▶ TASK DIRECTIONS: Each record is to be duplicated exactly, with nothing added.

--- EXTRACTED RECORDS ---

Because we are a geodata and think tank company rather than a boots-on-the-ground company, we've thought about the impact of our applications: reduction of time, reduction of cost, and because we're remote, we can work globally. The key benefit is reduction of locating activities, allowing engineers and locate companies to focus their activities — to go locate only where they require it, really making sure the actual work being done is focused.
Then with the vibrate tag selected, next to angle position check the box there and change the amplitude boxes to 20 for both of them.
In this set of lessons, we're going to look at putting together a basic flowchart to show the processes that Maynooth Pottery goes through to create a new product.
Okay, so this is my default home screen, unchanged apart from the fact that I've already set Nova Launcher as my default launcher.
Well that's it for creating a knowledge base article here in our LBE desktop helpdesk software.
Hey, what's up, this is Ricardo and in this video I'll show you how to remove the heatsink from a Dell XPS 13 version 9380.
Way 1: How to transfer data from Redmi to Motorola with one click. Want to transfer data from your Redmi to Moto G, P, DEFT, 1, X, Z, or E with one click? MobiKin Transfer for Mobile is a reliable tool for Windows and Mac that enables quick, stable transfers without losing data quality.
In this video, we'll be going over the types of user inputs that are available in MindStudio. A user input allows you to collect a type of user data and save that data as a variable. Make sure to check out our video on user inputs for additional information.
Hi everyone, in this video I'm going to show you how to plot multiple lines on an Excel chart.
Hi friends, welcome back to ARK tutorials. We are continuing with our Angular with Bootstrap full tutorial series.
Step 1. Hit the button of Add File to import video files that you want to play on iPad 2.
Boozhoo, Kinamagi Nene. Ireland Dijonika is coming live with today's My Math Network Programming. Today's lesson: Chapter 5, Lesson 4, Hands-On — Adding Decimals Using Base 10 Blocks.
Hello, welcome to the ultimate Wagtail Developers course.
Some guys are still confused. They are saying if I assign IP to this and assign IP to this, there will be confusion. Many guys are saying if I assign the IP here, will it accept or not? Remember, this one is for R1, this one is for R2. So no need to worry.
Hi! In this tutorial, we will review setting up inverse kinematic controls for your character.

---

▶ TASK ANSWER:
Because we are a geodata and think tank company rather than a boots-on-the-ground company, we've thought about the impact of our applications: reduction of time, reduction of cost, and because we're remote, we can work globally. The key benefit is reduction of locating activities, allowing engineers and locate companies to focus their activities — to go locate only where they require it, really making sure the actual work being done is focused.
Then with the vibrate tag selected, next to angle position check the box there and change the amplitude boxes to 20 for both of them.
In this set of lessons, we're going to look at putting together a basic flowchart to show the processes that Maynooth Pottery goes through to create a new product.
Okay, so this is my default home screen, unchanged apart from the fact that I've already set Nova Launcher as my default launcher.
Well that's it for creating a knowledge base article here in our LBE desktop helpdesk software.
Hey, what's up, this is Ricardo and in this video I'll show you how to remove the heatsink from a Dell XPS 13 version 9380.
Way 1: How to transfer data from Redmi to Motorola with one click. Want to transfer data from your Redmi to Moto G, P, DEFT, 1, X, Z, or E with one click? MobiKin Transfer for Mobile is a reliable tool for Windows and Mac that enables quick, stable transfers without losing data quality.
In this video, we'll be going over the types of user inputs that are available in MindStudio. A user input allows you to collect a type of user data and save that data as a variable. Make sure to check out our video on user inputs for additional information.
Hi everyone, in this video I'm going to show you how to plot multiple lines on an Excel chart.
Hi friends, welcome back to ARK tutorials. We are continuing with our Angular with Bootstrap full tutorial series.
Step 1. Hit the button of Add File to import video files that you want to play on iPad 2.
Boozhoo, Kinamagi Nene. Ireland Dijonika is coming live with today's My Math Network Programming. Today's lesson: Chapter 5, Lesson 4, Hands-On — Adding Decimals Using Base 10 Blocks.
Hello, welcome to the ultimate Wagtail Developers course.
Some guys are still confused. They are saying if I assign IP to this and assign IP to this, there will be confusion. Many guys are saying if I assign the IP here, will it accept or not? Remember, this one is for R1, this one is for R2. So no need to worry.
Hi! In this tutorial, we will review setting up inverse kinematic controls for your character.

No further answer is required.